Die Arbeit mit denen, die in den extremen Bereichen psychischer Störungen leben, zeigt uns dramatische Zeichen der Einbettung unserer eigenen Identität und unseres Sinnes für die Realität der Welt in Zusammenhängen mit anderen Menschen. Man sieht zum Beispiel, wie die "Symptome" der sogenannten Geisteskrankheit nicht von einem ganz inneren Zustand herrühren, der das isolierte Individuum betrifft, sondern stattdessen als eine Funktion der Reaktion, die die Person von anderen erfährt, variieren. Wenn Reaktionen, die als Objektivierung und Ungültigkeit empfunden werden, durch Erfahrungen des Verständnisses und der Einbeziehung in die Gemeinschaft anderer verdrängt werden, treten auffällige Wendungen und Halluzinationen auf, und chronische Vernichtungszustände treten zurück. CG Jung, der große Psychiater, erkannte dies in seinen berühmten Worten: " Schizophrene hören in dem Moment auf, in dem sie sich verstanden fühlen, schizophren zu sein." Wir als Kliniker sind daher an den psychologischen Störungen, die wir behandeln müssen, und an den Wunden beteiligt Die Heilung in unseren Patienten wird von den Wunden begleitet, die wir in unseren eigenen Herzen tragen.

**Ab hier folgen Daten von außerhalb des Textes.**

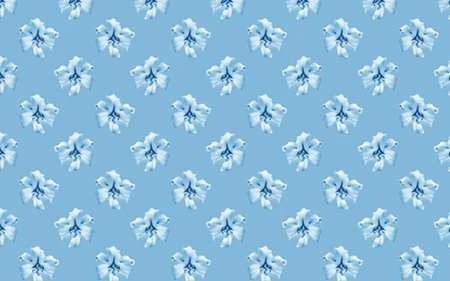 Beautiful light blue flowers with delicate patterns on a soft blue background create a calming...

Aber da ist mehr. Das Universum existiert so, dass es die Möglichkeit der Entstehung unseres eigenen entstehen lässt, und das ist so, weil wir hier sind, um uns dessen bewusst zu sein. Der Mensch ist an der Art und Weise beteiligt, in der sich die Welt manifestiert, und zugleich ist das Studium des Kosmos das sich selbst bewusst werdende Universum. Der Beobachter und das Beobachtete, sowohl in den Naturwissenschaften als auch in den Geisteswissenschaften, sind untrennbar miteinander verbunden, und die Bestandteile der Realität, in immer kleinerem Maßstab, erweisen sich als voneinander abhängige, verschränkte Phänomene und nicht als vollständig voneinander trennbare Einheiten ontologische Einsamkeit.

Mit anderen Worten, Adam, mein junger Mann hatte absolut Recht. Sie könnten sich fragen, was mit ihm passiert ist. Es ist traurig. Er wurde auf der Grundlage der grandiosen Euphorie diagnostiziert, die er zeigte: manisch-depressive Krankheit war die Dx. Die Behandlung, die ihm zur Verfügung gestellt wurde, beinhaltete mehrere Krankenhausaufenthalte, eine massive Elektrokrampftherapie und eine ständig wechselnde Folge von Antipsychotika. Das letzte Mal, als ich ihn fünfzehn Jahre nach dieser sogenannten Behandlung sah, ging es ihm schlecht – deprimiert, verwirrt, arbeitsunfähig, fettleibig und … keine Freundin. Ich frage mich, was das Ergebnis hätte sein können, wenn sich jemand stattdessen mit ihm hätte setzen können – für einen Tag oder eine Woche oder ein Jahr oder ein Jahrzehnt – und darüber sprechen könnte, was es bedeutet, dass alles eins ist. Ist es nicht möglich, dass aus solchen Gesprächen gute Dinge hervorgegangen sind?

Ein letzter Gedanke in Bezug auf die Geschichte, die ich erzählt habe: Wie ist es, dass dieser junge Mann in Gefangenschaft zu seinen Eltern, aber auch in einem Kampf, um ein zerbrochenes Universum zu vervollständigen, ein Spiegel war, in dem ich eine Reflexion von mir finden konnte? Als ich ein junger College-Student war, kaum mehr als dein Alter Adam, machte ich eine eigene Entdeckung, die sehr ähnlich war. Im Kontext einer Auseinandersetzung mit dem Zen-Buddhismus kam ich zu dem Schluss, dass jeder Dualismus falsch ist: jeder der großen Gegensätze in unserer Geschichte und Philosophie – intern / extern, Materie / Geist, männlich / weiblich, gut / böse, Freiheit / Determinismus, Ich / Du – waren illusorisch, und unser Glaube an sie war eine Trance, aus der wir erwachen mussten. Rückblickend sehe ich die Philosophie des monistischen Adualismus, die ich dann als eine frühe Antwort auf das Zerbrechen meiner eigenen Welt und auf die einsame Isolation annahm, in die ich nach dem Tod meiner Mutter eintauchte. Ich sehe es auch als einen Vorläufer der vereinheitlichenden Theorien und philosophischen Ideen, an die ich zu glauben habe.

Da bist du, mein Freund, und ich hoffe, dass dir diese Geschichten und Überlegungen helfen werden. Bitte bleiben Sie in Kontakt.